- Opening Delimiter -

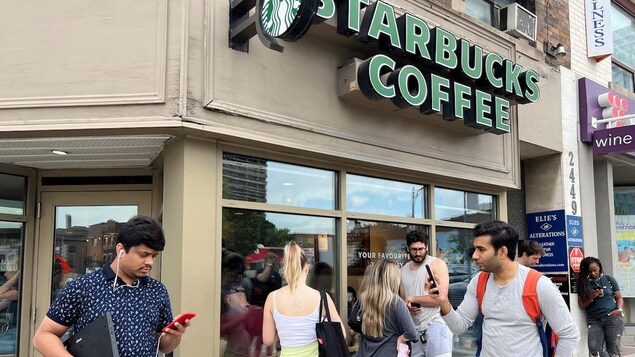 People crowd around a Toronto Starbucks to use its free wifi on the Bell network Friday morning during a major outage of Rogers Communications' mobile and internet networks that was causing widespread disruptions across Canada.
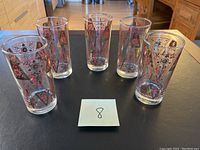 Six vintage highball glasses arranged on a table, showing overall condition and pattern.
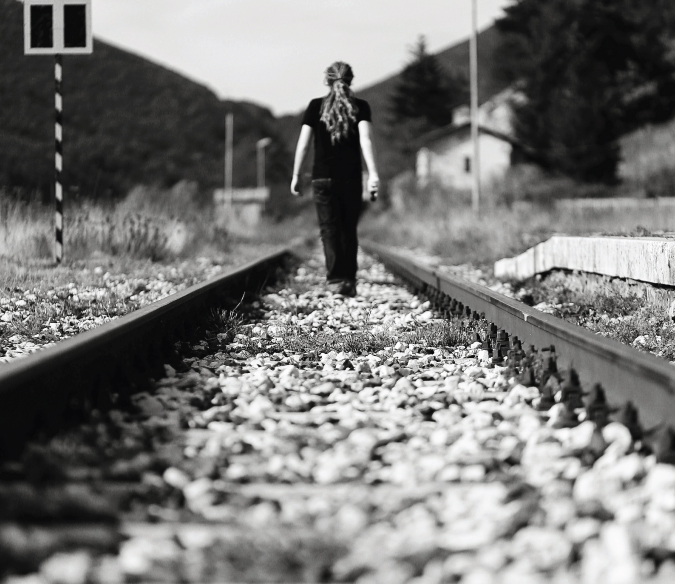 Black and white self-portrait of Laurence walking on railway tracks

- Closing Delimiter -
- Opening Delimiter -

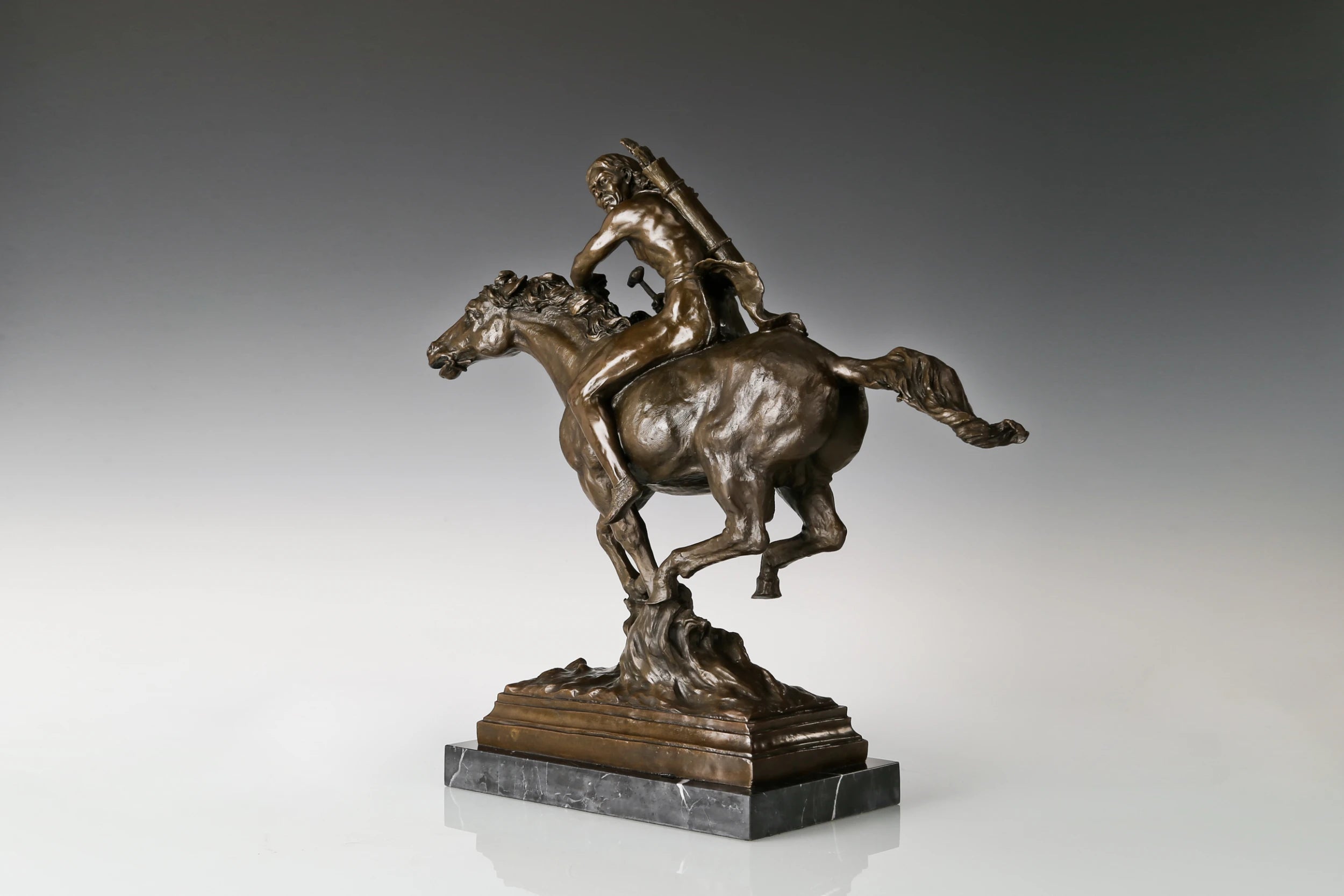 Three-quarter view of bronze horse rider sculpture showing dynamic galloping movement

- Closing Delimiter -
- Opening Delimiter -

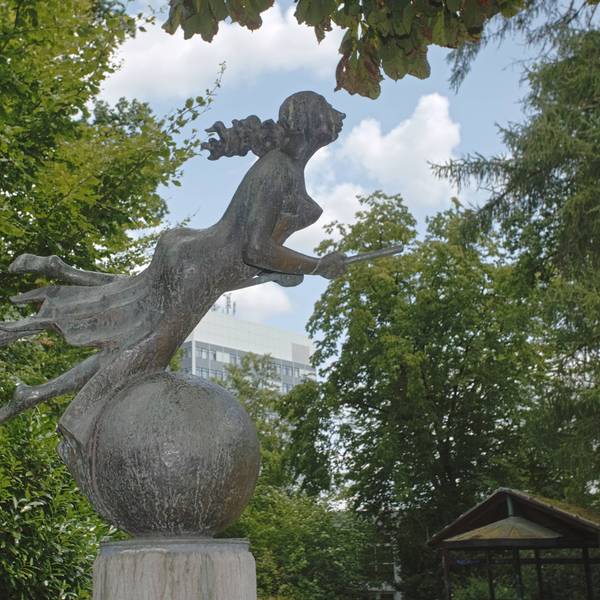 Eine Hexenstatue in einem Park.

- Closing Delimiter -

Brief: Write out word for word the lines above that run from the one with "Six vintage highball" to the one with "Black and white". Include both end lines; exclude the images.

Result of this task:
 Six vintage highball glasses arranged on a table, showing overall condition and pattern.
 Black and white self-portrait of Laurence walking on railway tracks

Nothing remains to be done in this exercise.